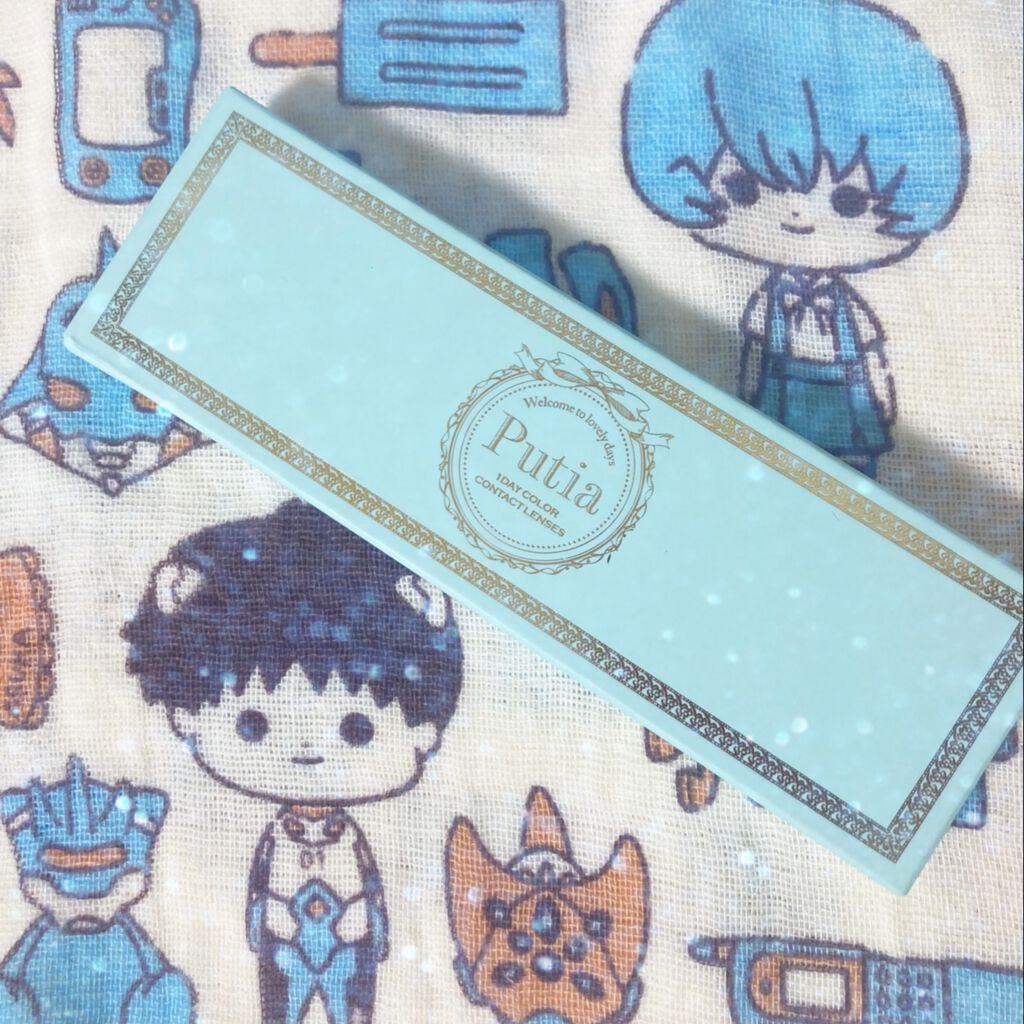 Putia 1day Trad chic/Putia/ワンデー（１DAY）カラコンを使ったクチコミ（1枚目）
...
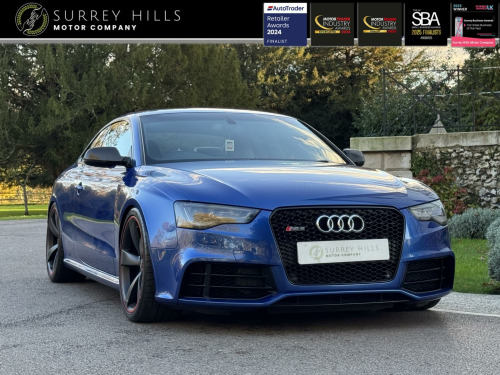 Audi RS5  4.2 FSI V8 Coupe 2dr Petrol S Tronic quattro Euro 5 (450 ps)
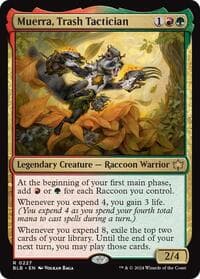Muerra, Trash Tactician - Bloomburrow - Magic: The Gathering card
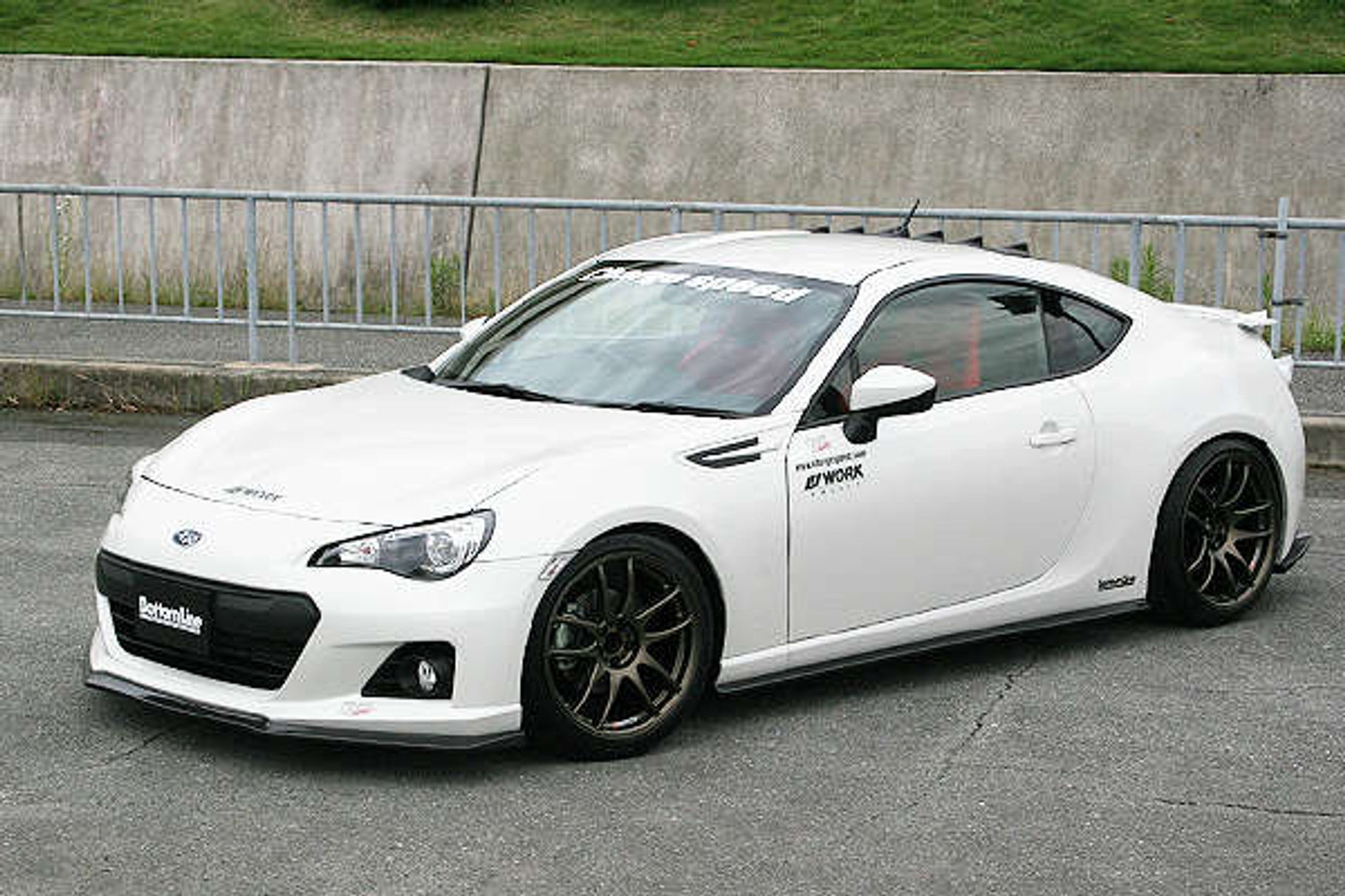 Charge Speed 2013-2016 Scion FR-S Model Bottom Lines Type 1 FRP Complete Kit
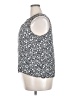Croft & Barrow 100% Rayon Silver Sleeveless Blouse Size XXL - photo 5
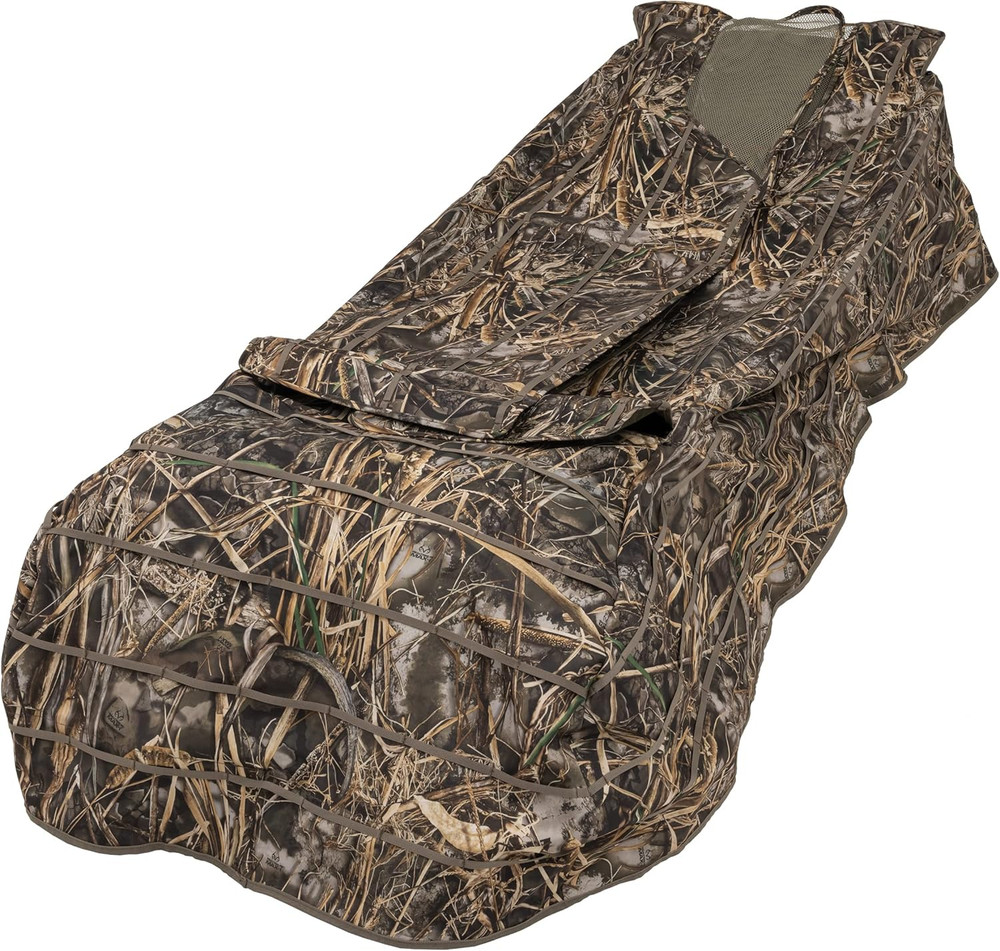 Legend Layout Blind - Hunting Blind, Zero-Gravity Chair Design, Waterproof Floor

◆ **Task directions**: The answer must be the part of the records that opens with the line containing "Croft & Barrow" and closes with the line containing "Legend Layout Blind", reproduced exactly, with no pictures.

◆ **Your response**:
Croft & Barrow 100% Rayon Silver Sleeveless Blouse Size XXL - photo 5
 Legend Layout Blind - Hunting Blind, Zero-Gravity Chair Design, Waterproof Floor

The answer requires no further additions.